Sexuality has to do with their own bodies.  At some point as children mature into adults they need to know that they and they alone are responsible for those bodies, and that no one has a right to make decisions regarding their body other than themselves.  The choice to engage in sexual activity, while unpleasant to think about for some parents, is a choice that is properly our children’s to make in their older childhood.  It is foolish for us to pretend that our children (our teenagers, if I am not clear about that) are not thinking about or already engaging in sex.  Applying Adler and Dreikurs here, instead of shaming them and pretending that our children are not sexual creatures we should be doing everything in our power to educate them and give them all the tools to properly make decisions regarding their own sexuality.  This is what we call giving them a safe space to make mistakes.
And the safe space is the most important part.  Sometimes we forget that making mistakes is part of growing up.  We didn’t learn to talk in complete sentences and we didn’t learn to walk without falling down a few times.  We learned by seeing these things done, and by trying.  As parents we need to provide a place where children won’t crack their skulls open during their first steps, but we need to stand back and give them the room to take them.  Even if they fall.

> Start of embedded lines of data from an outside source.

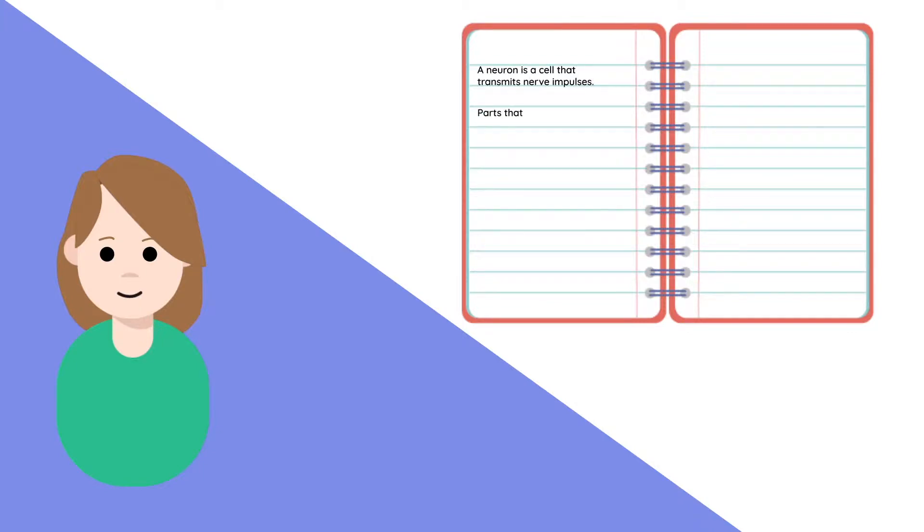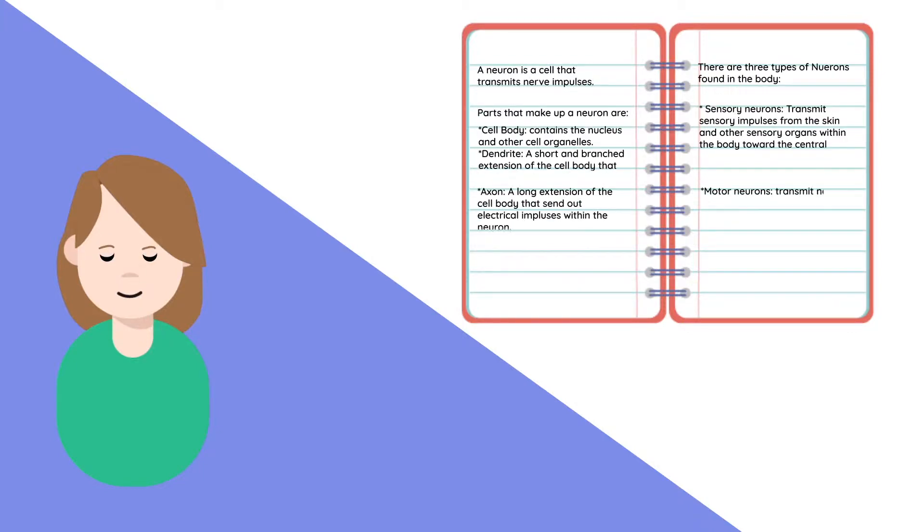Do you ever find yourself losing focus when you have a set of notes or slides that are a long list of text?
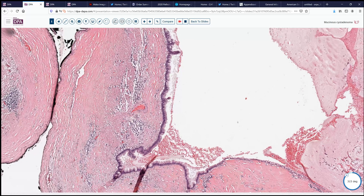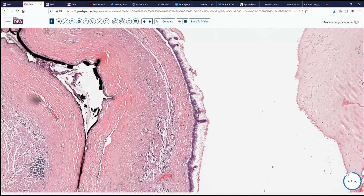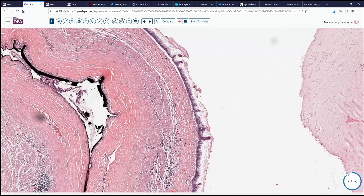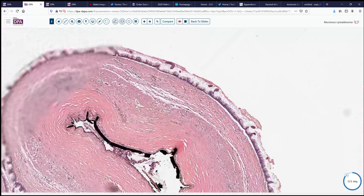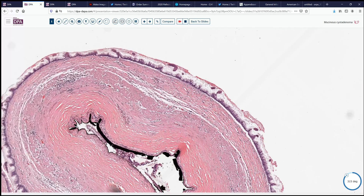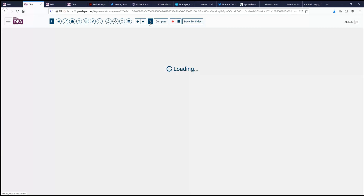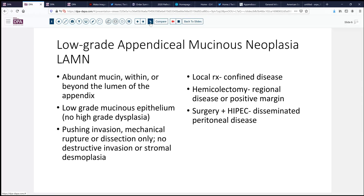And so that puts this into the category of low-grade appendiceal mucinous neoplasia. By definition, abundant mucin within or beyond the lumen of the appendix is required for this diagnosis, together with low-grade mucinous epithelium, no high-grade dysplasia. And we can see pushing invasion, mechanical rupture or dissection only — no destructive invasion.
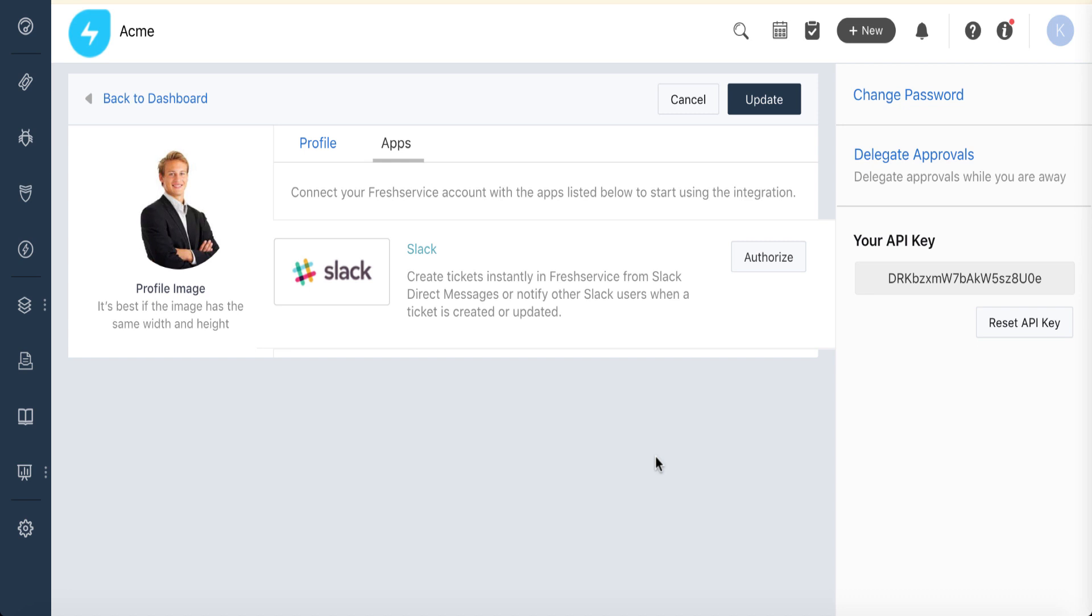Once the integration is enabled, agents can go to their profile settings and authorize Slack.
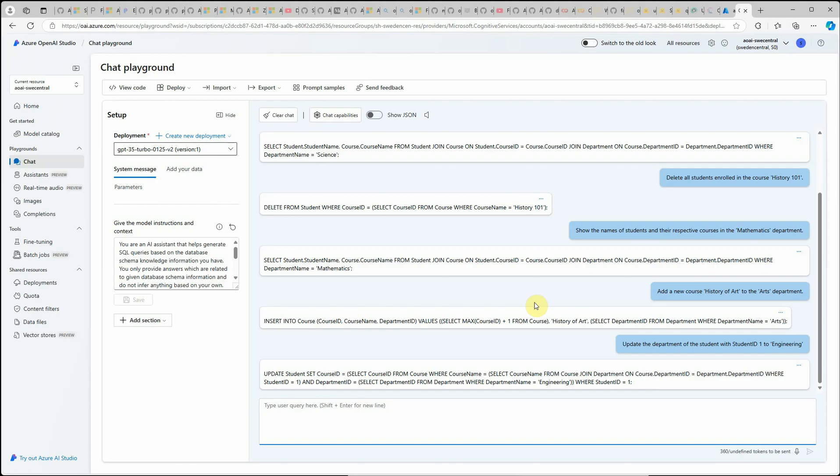I hope you got an idea how you can train your model without providing schema information along with your prompt. That's all I have for today and let me know if it is working for you or not. Thanks for watching.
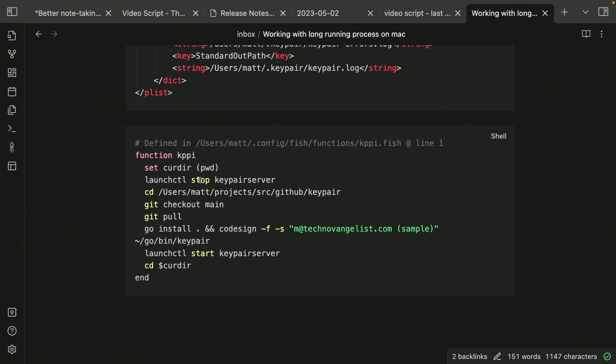And then I'm calling launch CTL stop key pair server. So that's my key pair server launch control plist file. And then I'm changing directories into my directory where the project lives, where the repo is. Just to make sure I'm on the right branch, I get checkout main and then pull the latest stuff. Then I'll go ahead, because it's written in go, I'll run go install and then I'll code sign that using my local key.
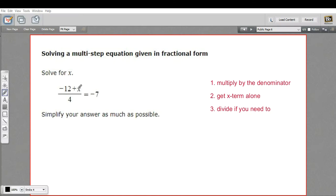In this problem, we're being asked to solve an equation for x to find out what x equals. But one side of the equation is a fraction. So how do we go about solving a problem like this? Well, this general form should help.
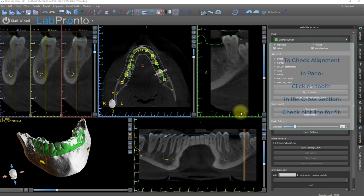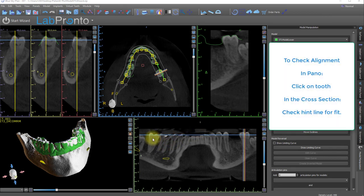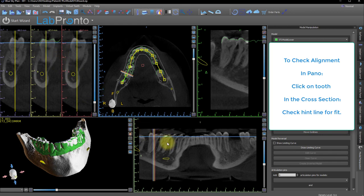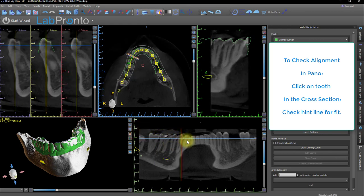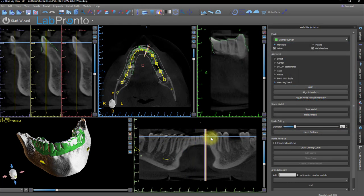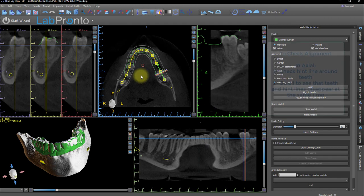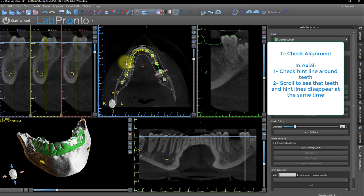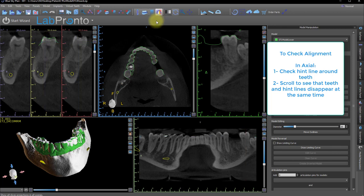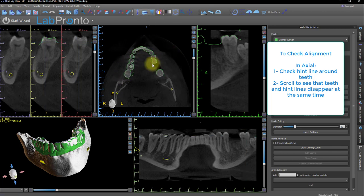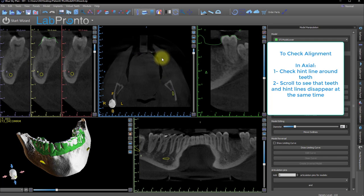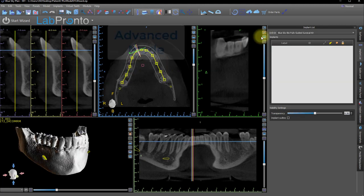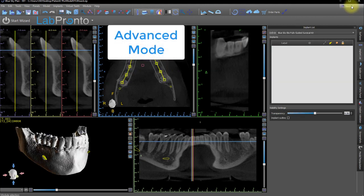Back in the standard view, click on each of the teeth in the panoramic and notice how the hint line hugs the crowns — a good indication that this was a successful stitch. To further check the stitching, scrolling with the scroll wheel or dragging the scroll bar in the axial view, watch the hint line to make sure it and the teeth disappear at the same time. We have the projections in the way, so I'll go up to the All Projections toggle switch. Now with a less obstructed view, I can scroll up to see that the teeth and hint lines disappear at the same time.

Unfortunately for our children, sometimes that fall will result in an unplanned pregnancy.  Part of this safe space that I mentioned earlier is information.  Free from our judgement and free from our own inclinations to choose one way or the other we should be making sure that they have all the knowledge there is regarding birth control, and all of their options should they become sick or pregnant.  Knowing that we trust them with this knowledge is part of making them feel like equals in their relationship with us, their parents.  This encourages them to make good decisions based on good information when making decisions that are properly theirs to make.  Knowing that they are responsible for their own choices encourages them to make better choices, and knowing that they have our love and support should they screw up (no pun intended) makes them more confident.
We may not like dealing with the sexuality of our children, but we can no more ignore it that we can ignore the fact that they will eventually grow out of those clothes and may one day call our music lame.  At some point we need to realize that what they do with their bodies really is their own choice.  Children grow up and make choices that don’t always fall in line with what their parents believe or want, however recognizing that children should be able to make decisions that are properly theirs to make also means that parents are not to be shamed for them anymore than we should shame a teenager for making a decision we don’t agree with regarding their body.
And that is part of being Pro-Choice.